This works great if done properly, but imagine if the teacher messes up just the timing by asking the question while their hand is still moving? The kids will be lost!
Also see this and this
If you then still can’t find anything worthwhile in what I have to say, I’m sorry for wasting your time right now, and I’ll work with the people who are already at a closer inferential distance to the topic until I can drill back far enough to communicate clearly with people at a greater distance like you.
Thanks.
The point I’m making is that any method whatsoever requires some degree of skillful implementation; consequently, the phrase does not convey any information. All you’re doing is giving an example of what a skillful implementation looks like in this case, namely, attention to timing.
Okay. I was thinking ‘not superfluous’ as in a non-trivial detail in actually turning around a failed school serving a disadvantage population. But saying that it ‘conveys NO information’ is technically correct, by a very narrow definition. Although I think the wiki poster made the right choice in including it, since there are often logically implied things that none-the-less should be pointed out to the reader.

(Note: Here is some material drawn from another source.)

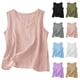 thumbnail image 1 of Auralook Cotton Linen Tank Tops for Women Solid Casual Summer Gauze Shirt Basic Sleeveless V Neck Loose Vest Beach Vacation Clothes, 1 of 5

Anyway, did you find anything worthwhile in those two comments I linked? Or should I stop bothering you for now?
Ok, ok, I didn’t mean to be quite that harsh. Your later comments did give a bit more useful detail. :)
I… thank you =]
I like to think that I’m pretty good at taking things in the best way possible. I’m happy to have been told by one person in a private message, “good on ya for having a thick skin”, and I’m trying to live up to that, but I have never had the pleasure of dealing so extensively with people who are just like me in regards to this quality I’m vaguely gesturing towards right now.
I mean, I knew intellectually that the people on less wrong are unusually awesome in that way like you, but it had still never really been my personal experience before, so my emotional belief was much weaker, and I was starting to feel like, “Oh, maybe everyone really is offended that I had the gall to show them such a terrible mess and ask for feedback. Maybe I should have kept trying to work it over by myself until it was perfect rather than just making an attempt...”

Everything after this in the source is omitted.